我想抓取一些数据(30个文档)并编写以下例程:
library(pacman)
pacman::p_load(ggplot2,gridExtra,reshape2,microbenchmark,pdftools,stringr,tidyverse,tm,tidytext,textdata,htm2txt,XML,rvest,lubridate,stringr,rvest,purrr,install = TRUE, update = F)
body<-read_html("https://www.ecb.europa.eu/press/accounts/2015/html/mg151119.en.html")
body<-body %>%
html_nodes("#ecb-content-col") %>%
html_text()%>%
readr::read_lines()%>%
str_replace_all(pattern = "[\\^]", replacement = " ") %>%
str_replace_all(pattern = "\"", replacement = " ") %>%
str_replace_all(pattern = "\\s+", replacement = " ") %>%
str_replace_all(pattern = "\t", replacement = " ") %>%
str_trim(side = "both")
body=body[body!=""]
test1=tibble(text=body)
head(test1)
# A tibble: 6 x 1
text
<chr>
1 Account of the monetary policy meeting
2 19 November 2015
3 of the Governing Council of the European Central Bank,held in Malta on Thursday, 22 October 2015
4 1. Review of financial, economic and monetary developments and policy options
5 Financial market developments
6 Mr Cœuré reviewed recent financial market developments.

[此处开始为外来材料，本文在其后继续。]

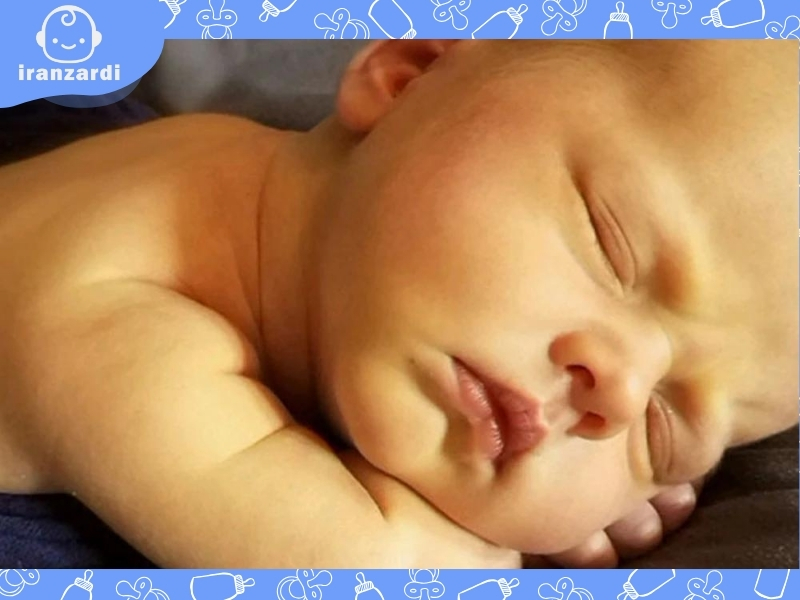 کرن ایکتروس نوزاد چیست؟ چگونه از آن جلوگیری کنیم؟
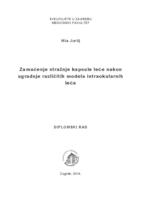 prikaz prve stranice dokumenta Zamućenje stražnje kapsule leće nakon ugradnje različitih modela intraokularnih leća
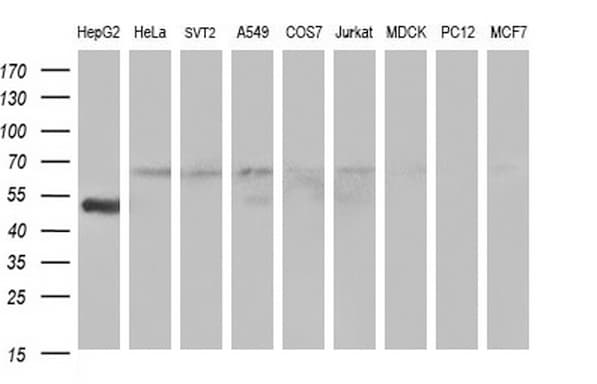 FGG / Fibrinogen Gamma Antibody (clone OTI1D1, Carrier-free)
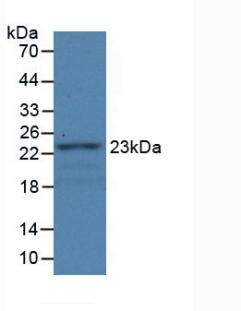 Monoclonal Antibody to Fibulin 1 (FBLN1)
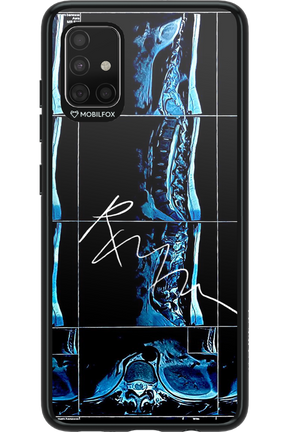 RMN Scolioza 2.0 - Samsung Galaxy A51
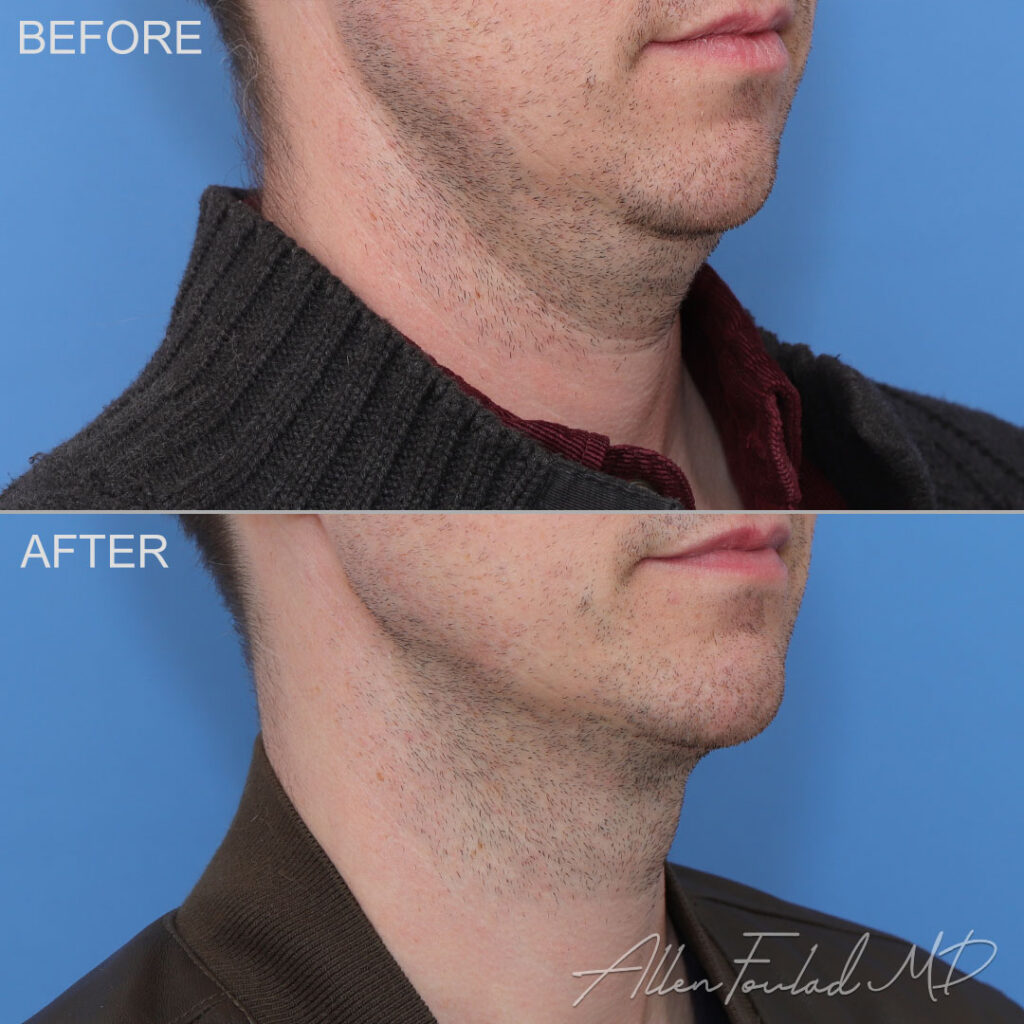 Before and after MIDS Neck Lift™, on male patient.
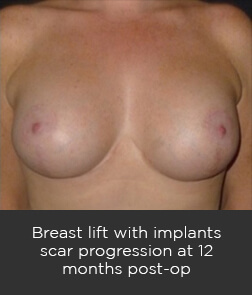breastlift 3 Breast Lift (Mastopexy) Sydney - 10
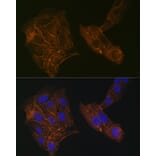 Immunofluorescence - Anti-alpha Actinin 4 Antibody [ARC1959] (A307957) - Antibodies.com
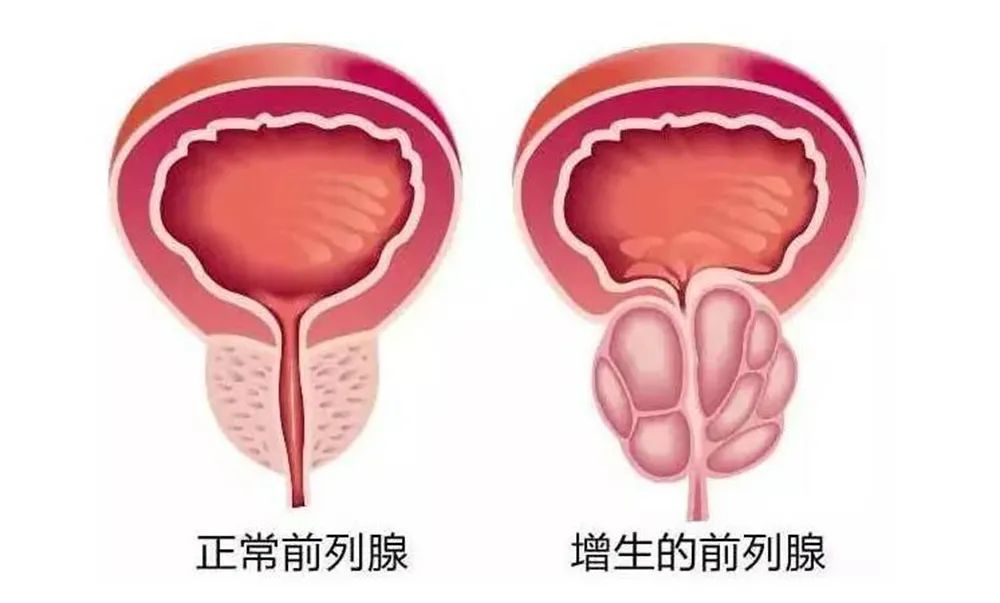 频繁起夜，谁能帮父亲跑完这场“马拉松”？ | 重阳献礼  “腺”在行动(图1)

每个段落都有一行。当我进入2017年时,网站的结构似乎发生了变化(即使我看不到HTML代码的结构):
body<-read_html("https://www.ecb.europa.eu/press/accounts/2017/html/ecb.mg170518.en.html")
body<-body %>%
html_nodes("#ecb-content-col") %>%
html_text()%>%
readr::read_lines()%>%
str_replace_all(pattern = "[\\^]", replacement = " ") %>%
str_replace_all(pattern = "\"", replacement = " ") %>%
str_replace_all(pattern = "\\s+", replacement = " ") %>%
str_replace_all(pattern = "\t", replacement = " ") %>%
str_trim(side = "both")
body=body[body!=""]
test2=tibble(text=body)
head(test2)
# A tibble: 6 x 1
text
<chr>
1 Account of the monetary policy meetingof the Governing Council of the European Central Bank, held in Frankfurt am Mai~
2 Links to other language versions (external):
3 Deutsche Bundesbank
4 Banque de France
5 Rotation rights
6 Rotation of voting rights of ECB Governing Council members
这是第1行中的全部正文。单个段落粘合在一起而没有空格。是否可以添加一些人工的行分隔符\ n以获得原始结构(test1)?